** What you are asked to do **
Send back the data below exactly. Drop every picture.

** Collected data **
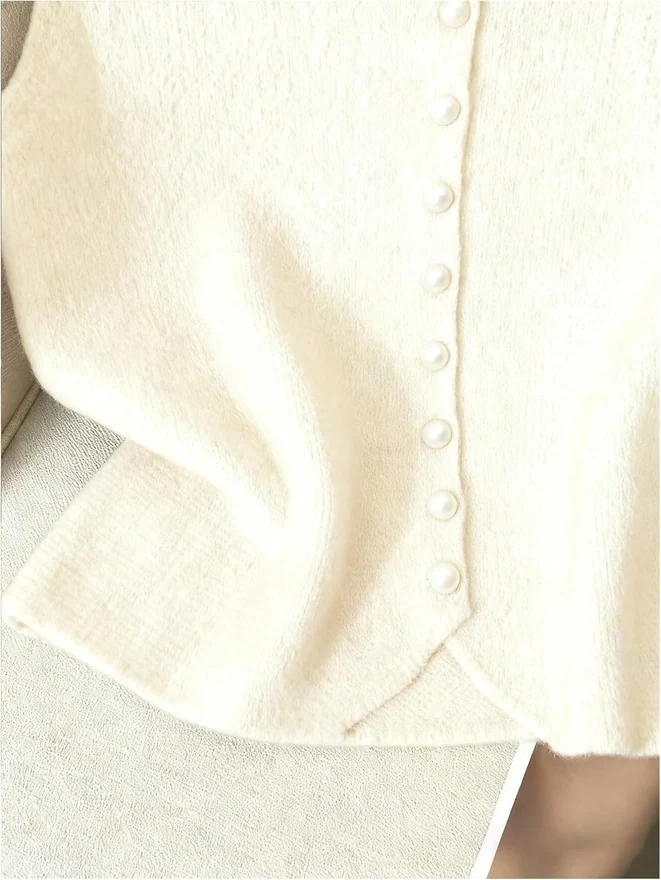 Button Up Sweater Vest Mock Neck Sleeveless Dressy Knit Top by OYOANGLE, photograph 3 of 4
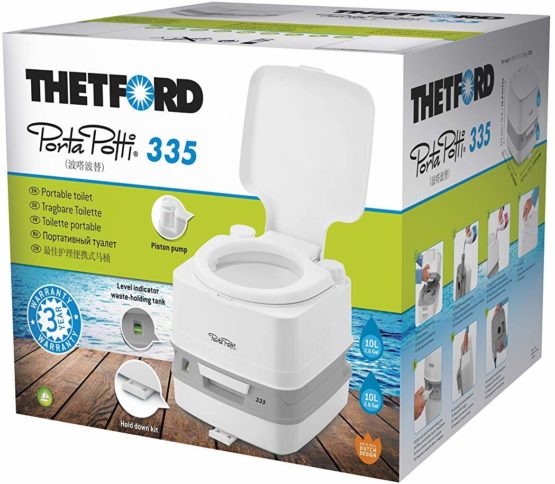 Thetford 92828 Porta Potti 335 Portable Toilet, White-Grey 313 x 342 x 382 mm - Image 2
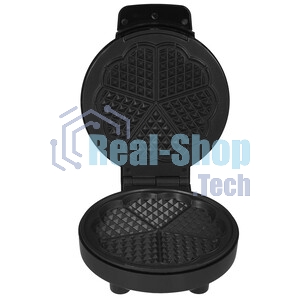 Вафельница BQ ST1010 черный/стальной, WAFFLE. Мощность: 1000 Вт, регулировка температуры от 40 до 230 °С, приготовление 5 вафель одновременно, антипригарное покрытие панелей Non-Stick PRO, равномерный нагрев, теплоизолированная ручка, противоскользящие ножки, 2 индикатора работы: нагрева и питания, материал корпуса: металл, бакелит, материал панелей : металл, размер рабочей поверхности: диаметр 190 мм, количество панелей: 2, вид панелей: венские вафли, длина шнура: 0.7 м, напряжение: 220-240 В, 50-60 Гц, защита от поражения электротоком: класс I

** Solution for this task **
 Button Up Sweater Vest Mock Neck Sleeveless Dressy Knit Top by OYOANGLE, photograph 3 of 4
 Thetford 92828 Porta Potti 335 Portable Toilet, White-Grey 313 x 342 x 382 mm - Image 2
 Вафельница BQ ST1010 черный/стальной, WAFFLE. Мощность: 1000 Вт, регулировка температуры от 40 до 230 °С, приготовление 5 вафель одновременно, антипригарное покрытие панелей Non-Stick PRO, равномерный нагрев, теплоизолированная ручка, противоскользящие ножки, 2 индикатора работы: нагрева и питания, материал корпуса: металл, бакелит, материал панелей : металл, размер рабочей поверхности: диаметр 190 мм, количество панелей: 2, вид панелей: венские вафли, длина шнура: 0.7 м, напряжение: 220-240 В, 50-60 Гц, защита от поражения электротоком: класс I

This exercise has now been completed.